Participants would send proof of participation to the activity organizers, who received as many as 125 submissions per activity, a figure comparable to the 130-person turnout for the team’s pre-pandemic planting events. While the organizers received submissions from everyone from preschoolers to site employees, most of the participants were secondary school students. The teens could use the activities to fulfill community service hours required for graduation, during a time when pandemic-related closures made finding volunteer work difficult. Extra credit was given to students who participated in habitat enhancement work, such as planting native wildflowers or trees, and submitted proof to the organizers.  

Speaking to the Stellantis team’s resiliency, WHC President Margaret O’Gorman said, “By exercising flexibility and remaining sensitive to local needs, the Windsor team has not only been able to maintain their conservation program but has also grown its decades-long relationship with the greater Windsor community.”  

In addition to the Ibis Award, the team’s efforts have been commended by Stellantis’ corporate offices, the Windsor municipal government and a local museum. Given this praise, and the overwhelmingly positive comments from participants and their parents, the Windsor team intends to continue offering self-directed educational activities, even when organized events become possible again.  

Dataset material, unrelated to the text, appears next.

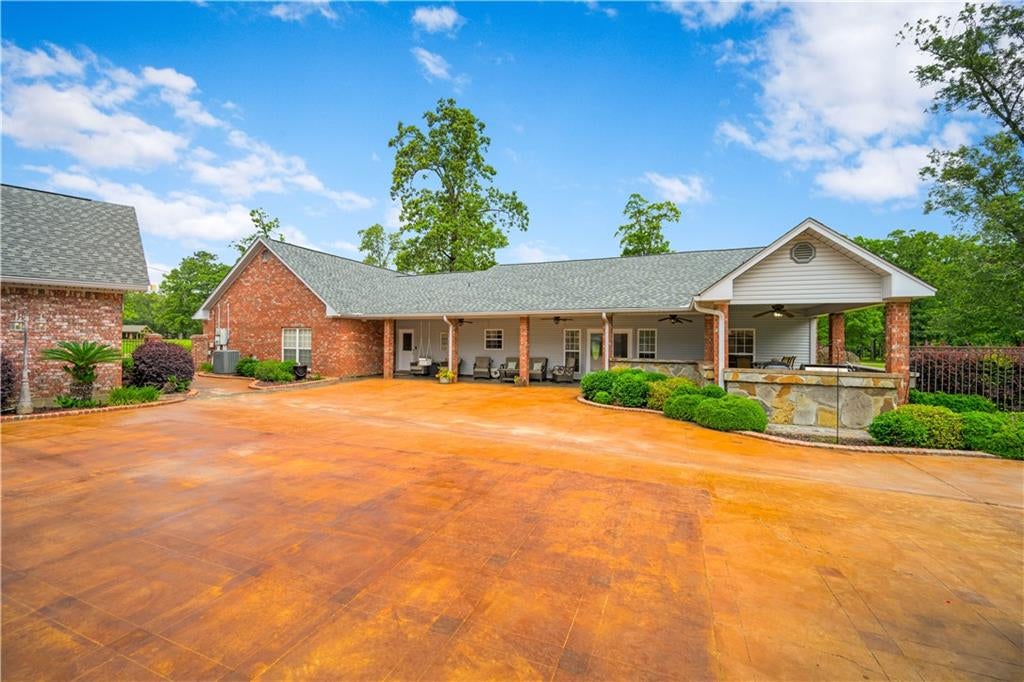 Jena, Louisiana, 71342, United States, 3 Bedrooms Bedrooms, ,3 BathroomsBathrooms,Residential,For Sale,2049158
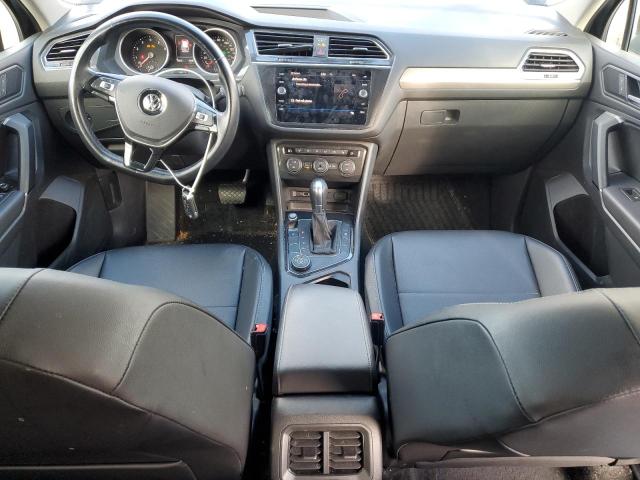 3VV2B7AX9KM071769 - 2019 VOLKSWAGEN TIGUAN SE Noir photo 8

About Wildlife Habitat Council

Wildlife Habitat Council partners with corporations, fellow conservation organizations, government agencies and community members to empower and recognize wildlife habitat and conservation education programs. Our members are environmental leaders at local, national and global levels, voluntarily managing their lands to support sustainable ecosystems and the communities that surround them. Since 1988, WHC has certified more than 1,000 habitat and education programs worldwide; WHC Conservation Certification programs can be found in 47 states, Washington, D.C. and Puerto Rico, and 25 countries. To learn more, visit or follow @WildlifeHC on Twitter. 

About Stellantis

Stellantis (NYSE: STLA) is one of the world’s leading automakers and a mobility provider, guided by a clear vision to offer freedom of movement with distinctive, affordable and reliable mobility solutions. In addition to the Group’s rich heritage and broad geographic presence, its greatest strengths lie in its sustainable performance, depth of experience and the wide-ranging talents of employees working around the globe. Stellantis will leverage its broad and iconic brand portfolio, which was founded by visionaries who infused the brands with passion and a competitive spirit that speaks to employees and customers alike. Stellantis aspires to become the greatest, not the biggest, while creating added value for all stakeholders, as well as the communities in which it operates.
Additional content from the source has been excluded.